I still dislike the political climate surrounding major elections, but I now appreciate the importance of educating myself on key issues and taking an active part in the future of my community and profession. It is sad to see how few of us vote, especially given the emotions I see shared on social media after the polls are closed. If you are too busy (or too lazy) to learn about the topics, evaluate options, and vote, then you shouldn’t have time to write blogs, tweet, or make videos (while driving) about how messed up the “system” is and how you can’t believe a particular measure was passed or person was elected.
Political issues have a far-reaching effect, much more than just how much sales tax you will pay on your next shopping trip and whether the store will have plastic bags for you to carry away. Engineers impact, and are impacted by, all aspects of the political landscape. The newly elected city council member, mayor, legislator, or governor may support infrastructure funding, or may oppose future local development. The proposed tax measure may provide crucial funding for transit and roadway improvements, or may include stipulations that stifle progress. All are important issues that influence future and ongoing infrastructure and development projects, and may directly affect the engineering profession – such as professional licensing requirements or liability limits.
As engineers, we have a first-hand point of view of our infrastructure, its capacity and condition, as well as what is required to improve and maintain it. Our friends, family, and neighbors often get their information from one-sided sources focusing on data and sound bites that support their position, while ignoring others. As engineers, we learn to evaluate problems from all aspects, considering the costs and benefits of various options and selecting the best course of action. Practical well-thought out decisions are in everyone’s best interest, but too often decisions or elections are based on partial truths and which side can buy the most airtime. You may not be ready to go on a Sunday morning talk show this weekend, but there are countless news outlets, publications, websites, and people available to help. I recommend using more than one, if not several, as sources may have leanings, even if they are not always blatant.
ASCE is one of the valuable resources for educating yourself on government affairs. The LA Section Newsletter includes a legislative update in each edition, along with great articles from ASCE leadership and members. The Region 9 Issues and Advocacy page provides news updates along with links to tools and training, including the ASCE Key Contact Program. If you are not aware of what Key Contact is, please click the link and sign up. It is very quick and provides an efficient way to reach out to elected officials about hot issues important to the civil engineering community.

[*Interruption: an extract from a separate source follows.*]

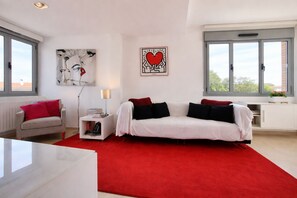 TV - Apartamento El Ático de Anat (Posada De Llanes)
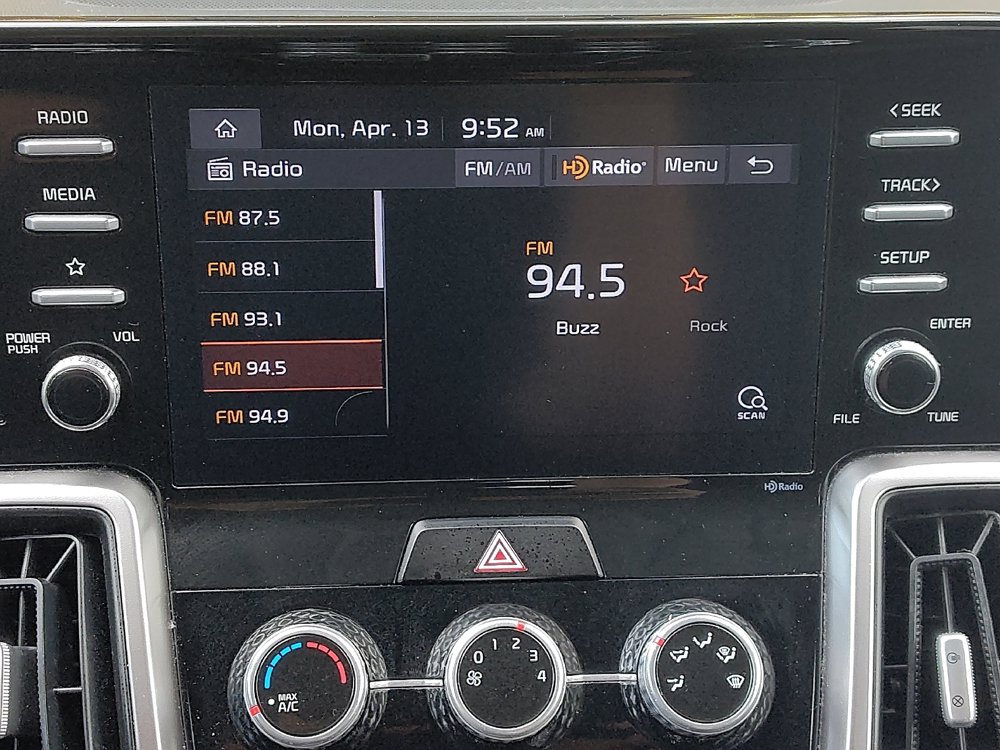 Used 2021 Kia Sorento LX AWD/4WD image 25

In Orange County, we are extremely lucky to have branch leaders, past and present, who are passionate about government relations and have been highly active in engaging our local and state-level elected officials. Many of our past presidents continue to serve at the section, region, and society levels, along with motivated branch members who contribute through government relations and legislative committees. Steven King, Past-President of the OC Branch and current LA Section President-Elect, is heavily involved in government relations and was recently the chair of the LA Section Legislative Committee. Elizabeth Ruedas, our current President-Elect, is very active with government relations committees at all levels of ASCE. She is an amazing advocate for our Orange County Branch members and is another great resource on the latest policies and legislative actions. I am sure she won’t mind if you ask her about it next time you see her.
Whether it is the repeal of SB-1, local inclusionary zoning measures, or a state legislator will vote on infrastructure funding, your opinion matters. This is especially true when you have the education and background to critically evaluate what is on the ballot and help our family, friends, and peers better understand the options. Don’t just be a bystander … be engaged on what happens in your community and the government actions that may influence your livelihood as a civil engineer.